And these all pretty much came from an era before glass display were (affordable) in computers. A terminal was roughly a keyboard and a printer attached together, or a typewriter cut in half. Paper. No cursors. No arrow keys. Mostly after punched cards and mostly before transistors. And that was only a few decades ago, there's people still alive that have used these machines.

Funny that they are still some of the most efficient and powerful interfaces.


FFS, I'm not that old. I'm 61.

I started out at school in 1977 on a PDP-11 with 16K of RAM, 3 ASR-33s connected by 20ma current loop. We also had a VT-52. All running at 110baud. No valves, all transistors and ICs. That system was already outdated.

Punched/mark sense cards were still around.

Two years later we had a PET, Apple-II, and a TRS-80.

Teletypes have been around since the 1940s.

Cut the false history crap when it's easily found online and elsewhere.


> sed is not "stream editor" as it says above, it's "stream ed"

Well, according to the man page, it is indeed "stream editor":

https://man.cat-v.org/unix_8th/1/sed

I was already aware of its relation to 'ed' (having had to actually use 'ed' in ancient times). However that doesn't change the fact that it does stand for "stream editor".

After reading your post, I thought "That doesn't seem right, I remember it specifically being referred to as 'stream editor'", so I went looking.


They're good names because they're short and easily recognizable

There are only so many short names to go around.

Well yea. These guys got dibs some 35f years ago or so.
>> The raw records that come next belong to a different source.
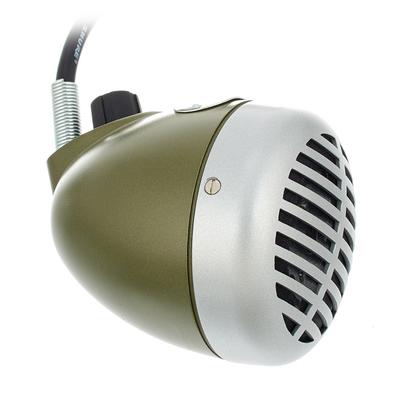 Shure 520 DX Dynamisches Mikrofon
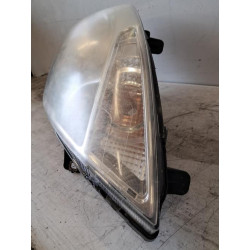 Optique avant principal gauche (feux)(phare) - OPEL - VIVARO 1 PHASE 2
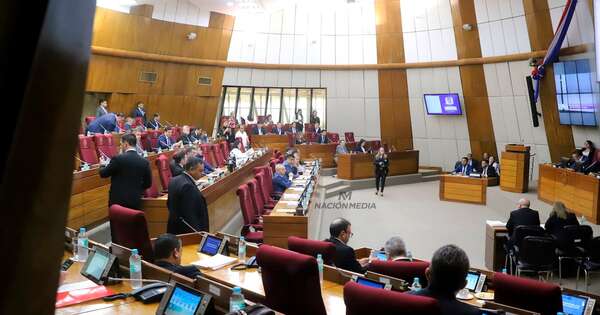 La Nación / Diputados manda al archivo pedido de interpelación a la ministra de Salud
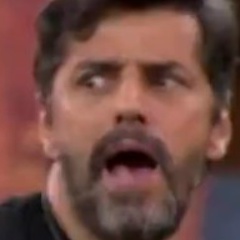 Embaixador Dsplayy, 06.05.1990, Rio de Janeiro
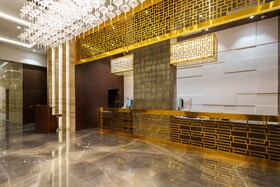 Pharos Hotel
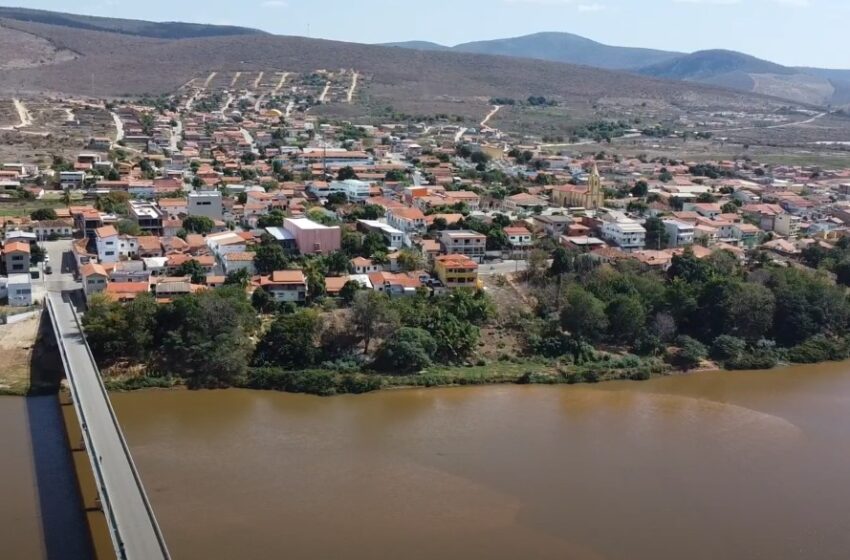  Jequitinhonha e Norte de Minas no topo do Ranking do Tesouro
Maybe more. First come first served.

However once you learn that sed means stream editor, you won't ever forget it. libsodium is forgettable.

> However once you learn that sed means stream editor, you won't ever forget it.

I feel like this is approximately the third time I'm learning this.


I've been using Linux for almost 20 years, including sed a lot of that time, I'm sure I've heard it before, I must have, but when parent wrote it I was like "aah, that makes sense".

Thirty years for me and several more since I learned what sed does and what it's called and never forgot.

I never forget what it does obviously, I use it at least weekly and most of the time daily. But if you asked me what "sed" stand for I'd probably not recall. I might have attempted to work in "extended" somewhere in a guess, because of ex the editor, but besides that :/

Don't forget that you need to know English for that to work. I'm pretty sure most Unix users don't speak English (most computer users definitely don't). I interact with people who know few words besides "hello" and "goodbye", and for them "sed" is a nonsense term, just a set of letters randomly thrown together. Same as e.g. Excel, a random token that means nothing.

sed is just an example, of course, the author's point doesn't hold much weight for many (most?) users globally.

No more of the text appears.